# Signs of them being bonded



## devilangel09 (Feb 5, 2008)

I've got 4 tiels in a cage what are the signs of them being bonded?
Also would 2 pairs breed happily in the same cage( if big enough) happily?


----------



## sunnysmom (Sep 23, 2011)

Here is an article on teh subject of tiels being bonded. Not sure about the cage question.

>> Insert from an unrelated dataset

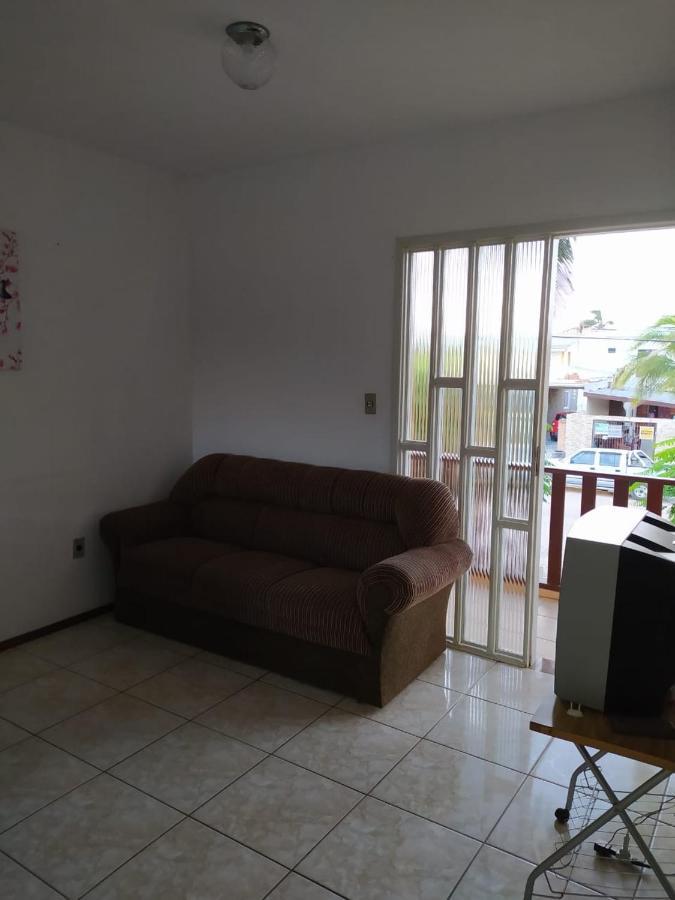 Apto 01 Apartamento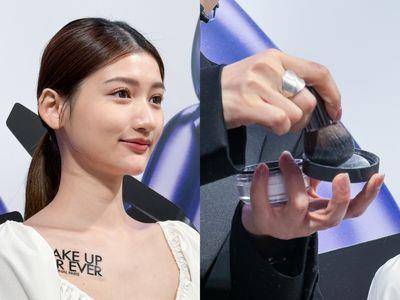 试开箱／“彩妆大王”教蜜粉隐藏用法！透明、紫色混搭妆感轻透又瘦小脸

http://talkcockatiels.com/showthread.php?p=340169#post340169


----------



## roxy culver (May 27, 2010)

As to the cage question, no. I tried that, and it ended up in fights, even with the cages at the same height. There's just not enough room. Its best if they are each in their own cage. Its for the baby's sake as well, if the parents get in a fight in the box, the babies could get trampled. So I would definitely go with two separate cages for breeding.


----------



## devilangel09 (Feb 5, 2008)

Ah right thanks  is a tough one lol the male always wants to be with the female in most cases but unsure about the hen wanting to be with his haven't seen them preen. If I get the female out and bring her to another room the male calls to her she calls back and he follows

Then with a diff pair the male asks to be preened yet then the possible hen doesn't and just sits there plus I think she's partially sighted.


----------



## roxy culver (May 27, 2010)

The 2nd pair doesn't sound bonded but the first pair does.


----------



## klaviary (Apr 7, 2010)

Bonded or not, two pairs in the same cage often ends up with one dominant pair controlling both nestboxes.  You may also get one dominant male mating both hens. Parentage, no matter who is sitting and feeding the babies is always sketchy this way.  Good luck!


----------



## devilangel09 (Feb 5, 2008)

Lol yeah was just curious about breeding 2 pairs in a cage my cage isn't big enough. 

So guess I have to keep an eye on tiger and her mate and see how they go when the season comes


----------



## devilangel09 (Feb 5, 2008)

This is a pic of the first 2







the boy







my lil girl


----------